• **DATA EXTRACT**:
==*==

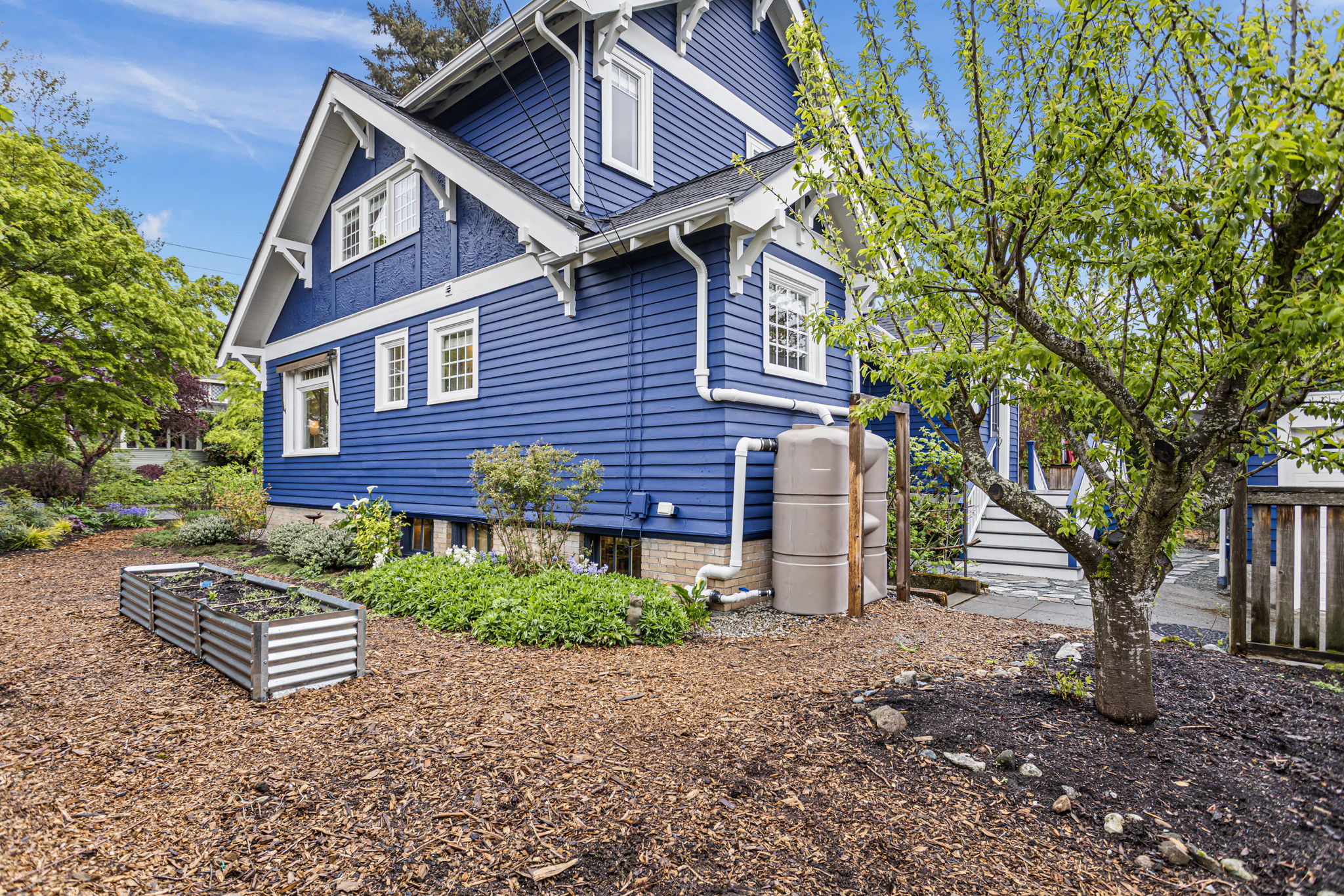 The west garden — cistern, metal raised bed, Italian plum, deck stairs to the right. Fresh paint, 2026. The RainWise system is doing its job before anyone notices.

==*==

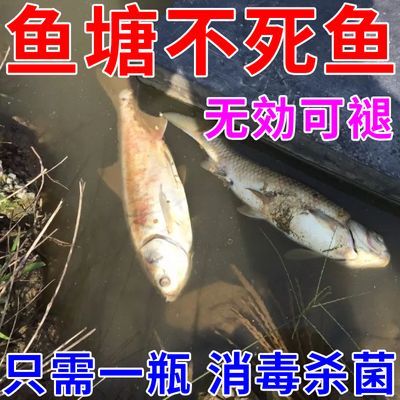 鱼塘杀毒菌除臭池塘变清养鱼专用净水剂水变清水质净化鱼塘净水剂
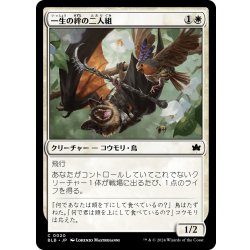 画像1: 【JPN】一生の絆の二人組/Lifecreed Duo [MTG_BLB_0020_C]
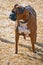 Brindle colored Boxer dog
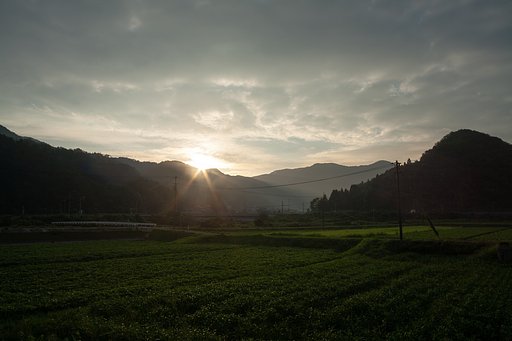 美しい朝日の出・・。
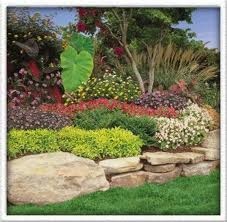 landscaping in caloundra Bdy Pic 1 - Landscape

==*==

• **YOUR OBJECTIVE**:
Find the line with "画像1: 【JPN】一生の絆の二人組/Lifecreed Duo" in the data above, and from there retype each line exactly through the line with "landscaping in caloundra", skipping the pictures along the way.

• **EXERCISE RESPONSE**:
 画像1: 【JPN】一生の絆の二人組/Lifecreed Duo [MTG_BLB_0020_C]
 Brindle colored Boxer dog
 美しい朝日の出・・。
 landscaping in caloundra Bdy Pic 1 - Landscape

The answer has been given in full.